Personal information
- Born: Katelin Snyder August 16, 1987 (age 38) Nashua, New Hampshire, U.S.
- Height: 5 ft 4 in (163 cm)
- Weight: 110 lb (50 kg)
- Spouse: Nareg Guregian

Sport
- Country: United States
- Sport: Rowing
- Event: Eight
- College team: University of Washington
- Club: USRowing Training Center – Princeton

Medal record
Women's rowing
Representing the United States
Olympic Games
| Gold medal – first place | 2016 Rio de Janeiro | W8+ {{2020 Tokyo|W8+}} |
World Championships
| Gold medal – first place | 2009 Poznań | W8+ |
| Gold medal – first place | 2013 Chungju | W8+ |
| Gold medal – first place | 2014 Amsterdam | W8+ |
| Gold medal – first place | 2015 Aiguebelette | W8+ |
| Gold medal – first place | 2018 Plovdiv | W8+ |
| Gold medal – first place | 2019 Long Beach | 2019 USRowing Indoor Championships- Women’s Open Lightweight |
| Bronze medal – third place | 2019 Ottensheim | W8+ |
U23 World Championships
| Bronze medal – third place | 2007 Glasgow | W8+ |
| Gold medal – first place | 2006 Hazewinkel | W8+ |

= Katelin Guregian =

American rowing cox

Katelin Guregian ( Snyder; August 16, 1987) is an American national rowing team coxswain. She is a five-time world champion and an Olympic gold medallist.

==Career==
She attended Winter Park High School and rowed for Winter Park Crew.

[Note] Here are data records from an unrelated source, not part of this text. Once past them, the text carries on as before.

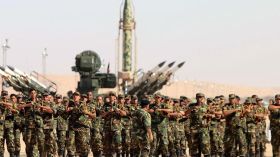 هجومان انتحاريان على قوات حفتر في درنة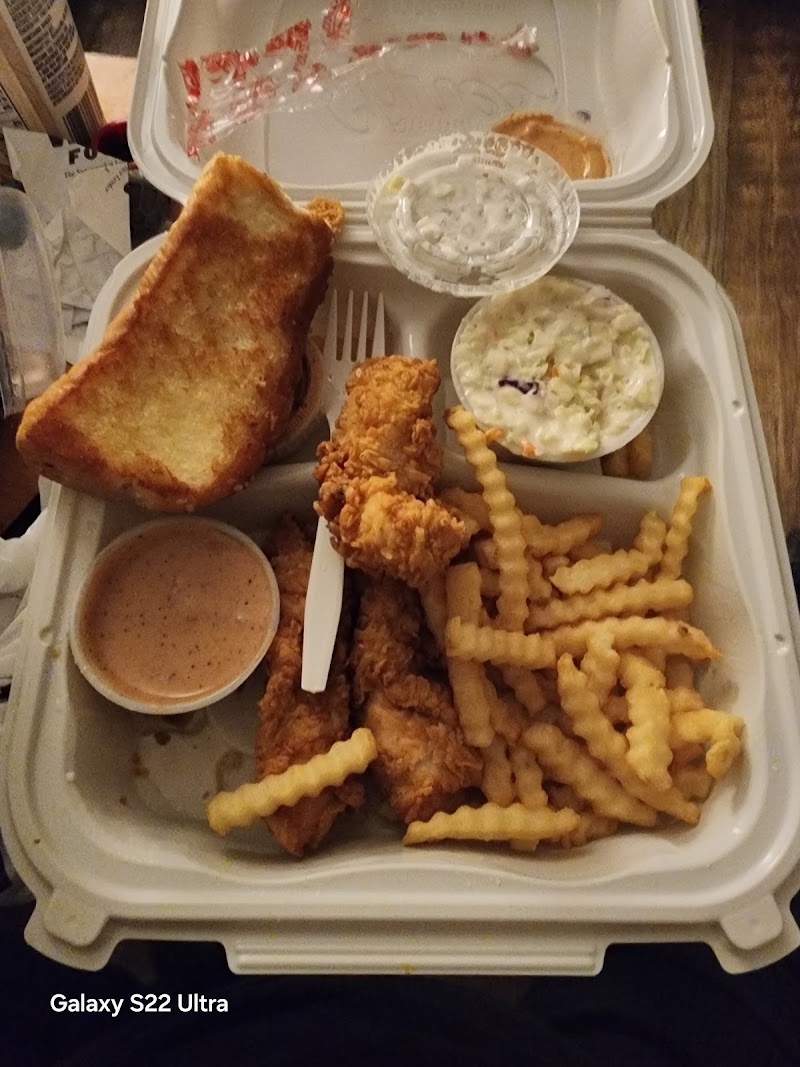 Raising Cane's Chicken Fingers photo 4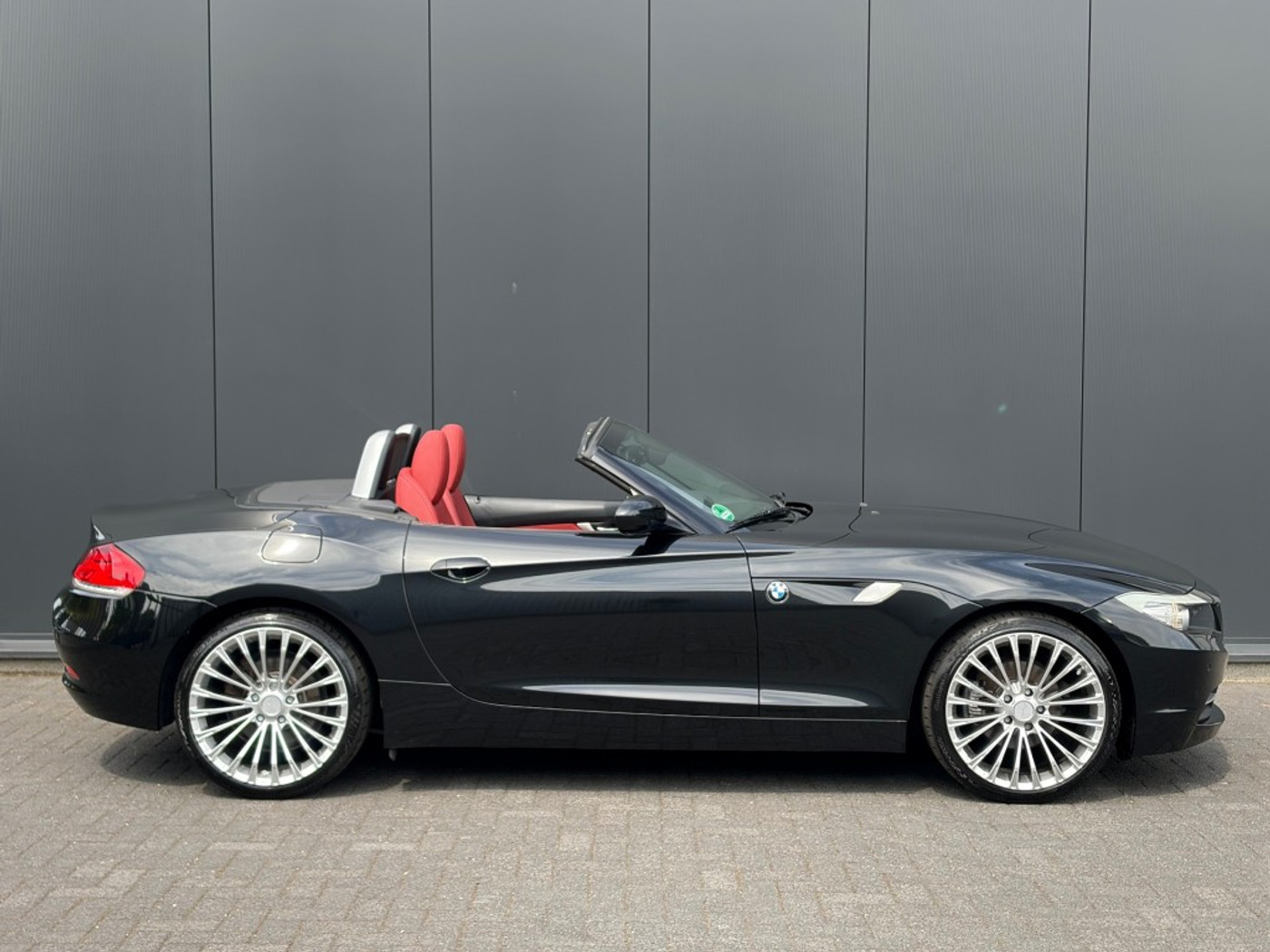 Foto van BMW Z4 sDrive 23i
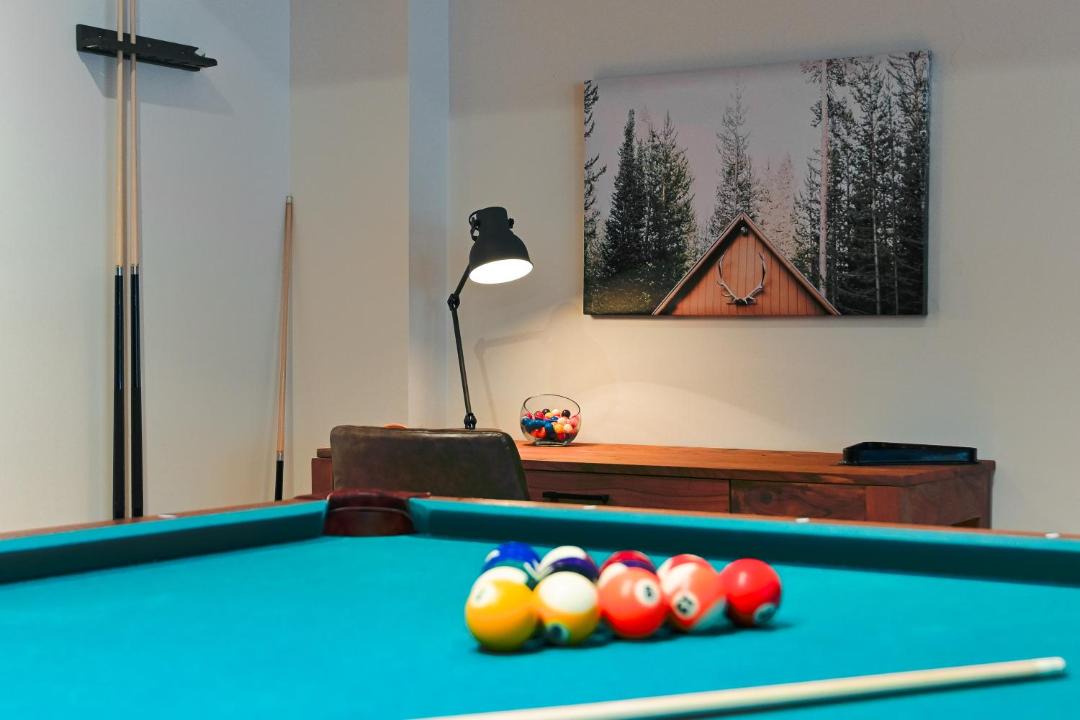Photo of Others in Fiddler Lake Resort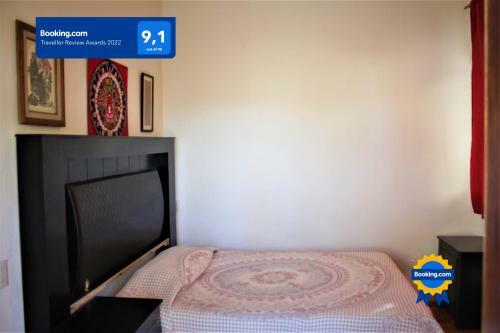 Casa A Pie de Playa Frente Al Mar & Jacuzzi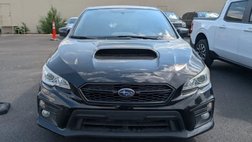2021 Subaru WRX Premium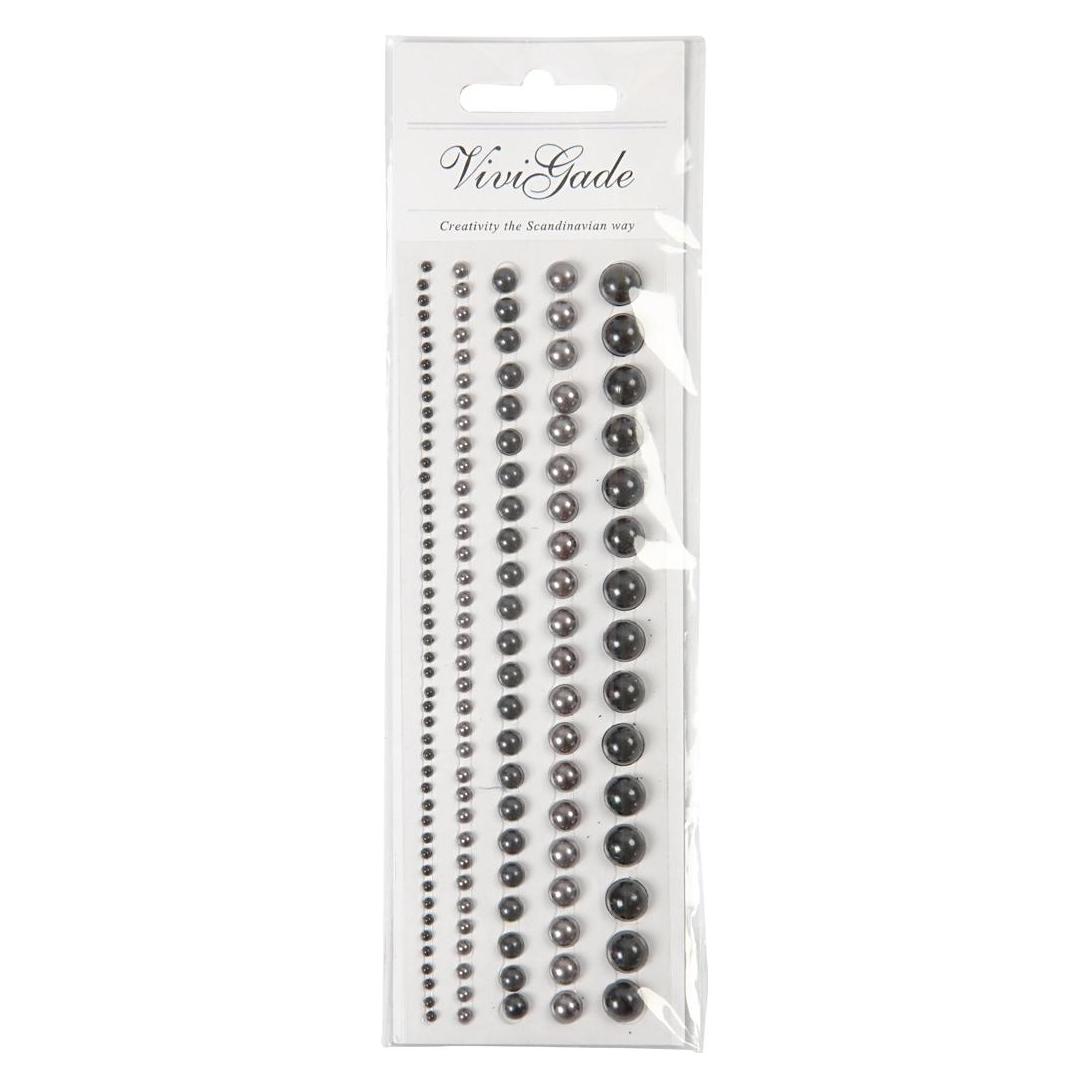 Vivi Gade Half Pearls (5707167992685)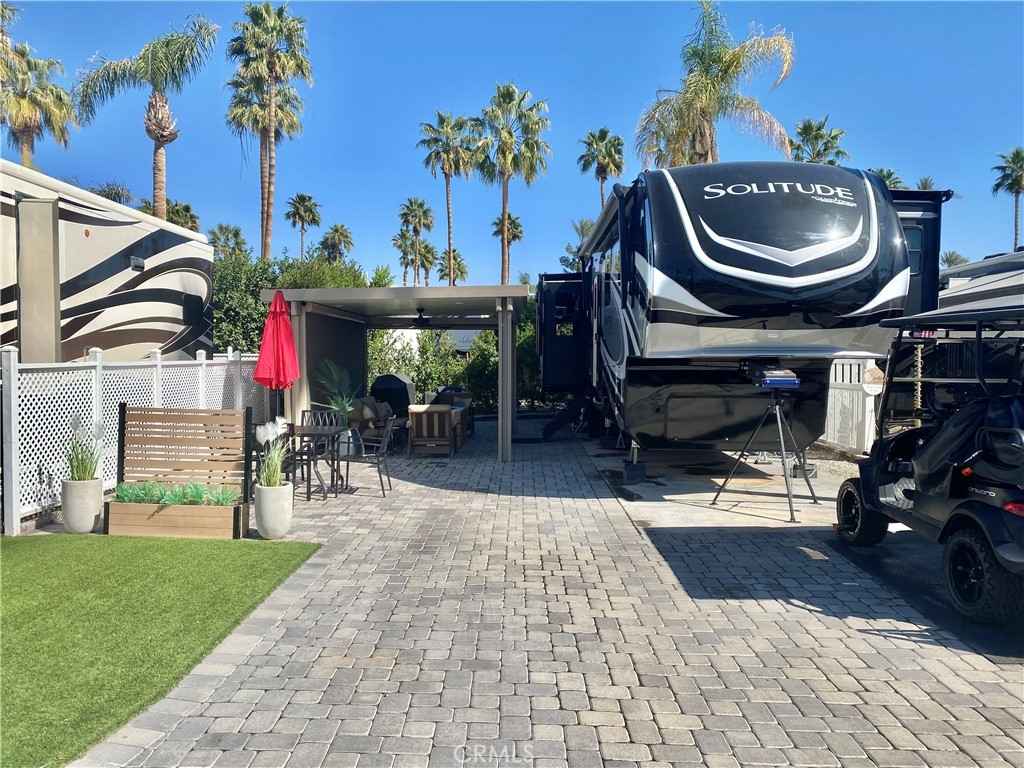 69411 Unit 85 Ramon Rd  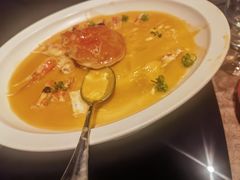 -丽晶轩中餐厅(重庆丽晶酒店)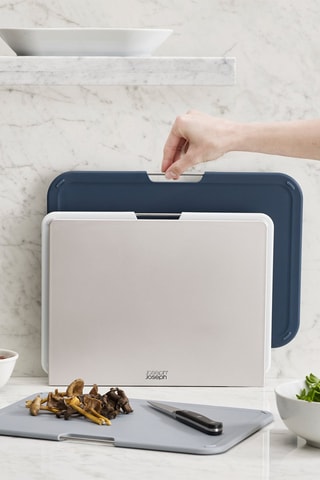 3 tablas para cortar con soporte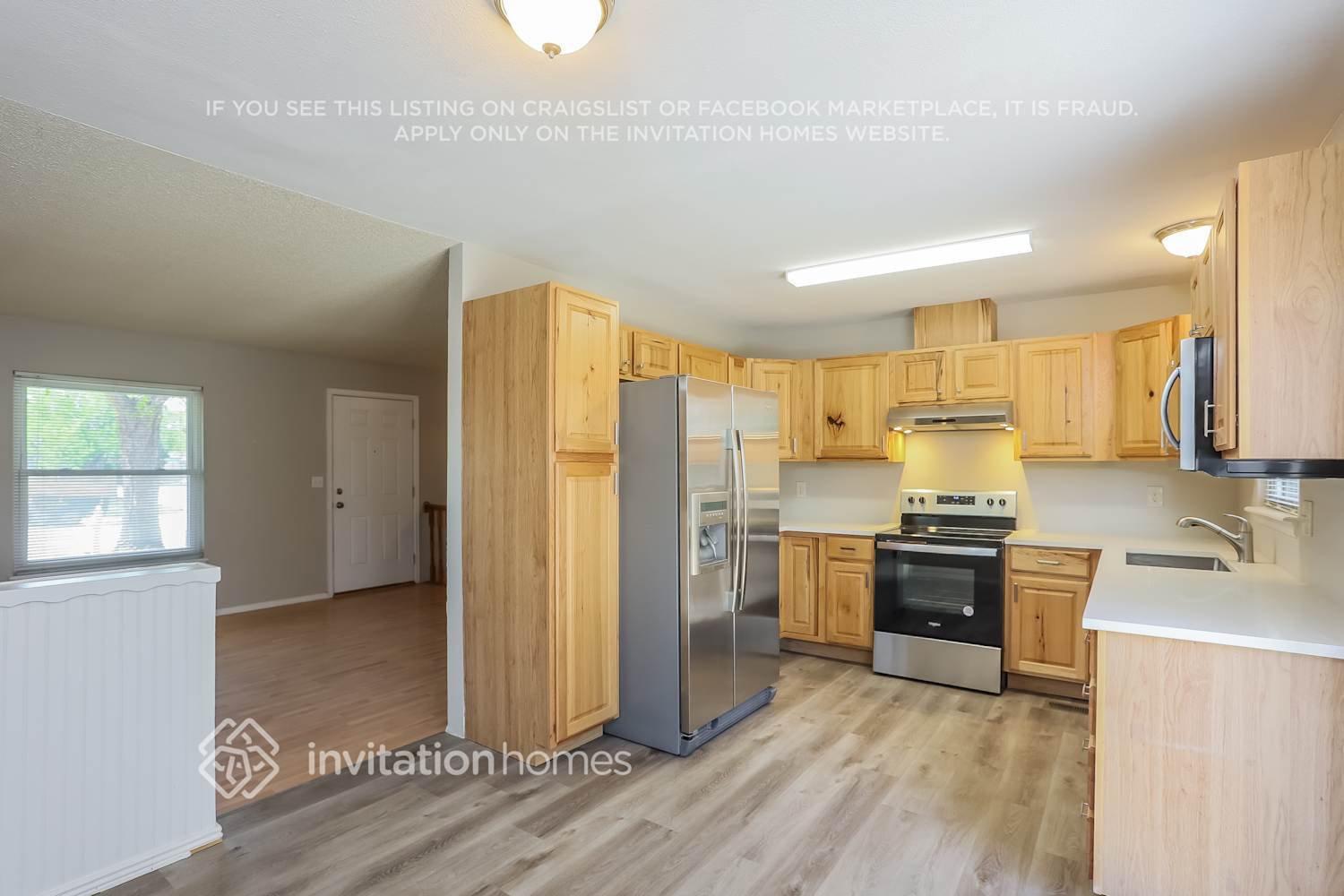 Building Photo - 16803 E Nassau Dr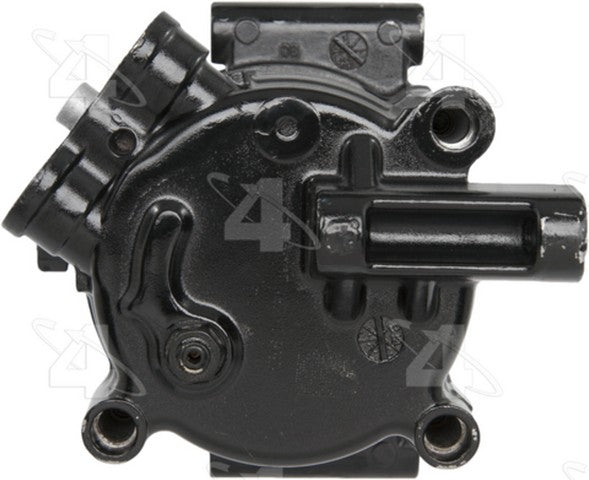 A/C Compressor Four Seasons 67196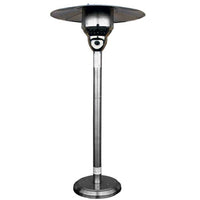 Thumbnail for AZ Patio Heaters Residential Natural Gas Stainless Steel 202 Patio Heater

She coxed the University of Washington men's eight in college to multiple victories, and has since moved on to the international level. She coxed the US Women's 8+ to a gold medal at the 2016 Summer Olympics. In 2013, Snyder coxed the U.S. Women's eight to a world record of 5:54.16 at the Rowing World Cup III in Lucerne, Switzerland.

She has qualified to represent the United States at the 2020 Summer Olympics.

==Competitive history==
===Senior===

| Year | Event | Women's 8+ | Men's 8+ |
| 2013 | World Rowing Cup III | 1st place, gold medalist(s) |  |
| 2014 | World Championships | 1st place, gold medalist(s) |  |
| World Rowing Cup II | 1st place, gold medalist(s) |  |
| 2015 | World Championships | 1st place, gold medalist(s) |  |
| World Rowing Cup II | 1st place, gold medalist(s) |  |
| 2016 | Olympic Games | 1st place, gold medalist(s) |  |
| World Rowing Cup II | 1st place, gold medalist(s) |  |
| 2017 | World Championships | 4th |  |

==Private life==
Snyder met her future husband, Nareg Guregian, during the summer of 2013 at a training camp. They got engaged in 2015 and married towards the end of 2016.
Snyder adopted dog Olly, December 22, 2018.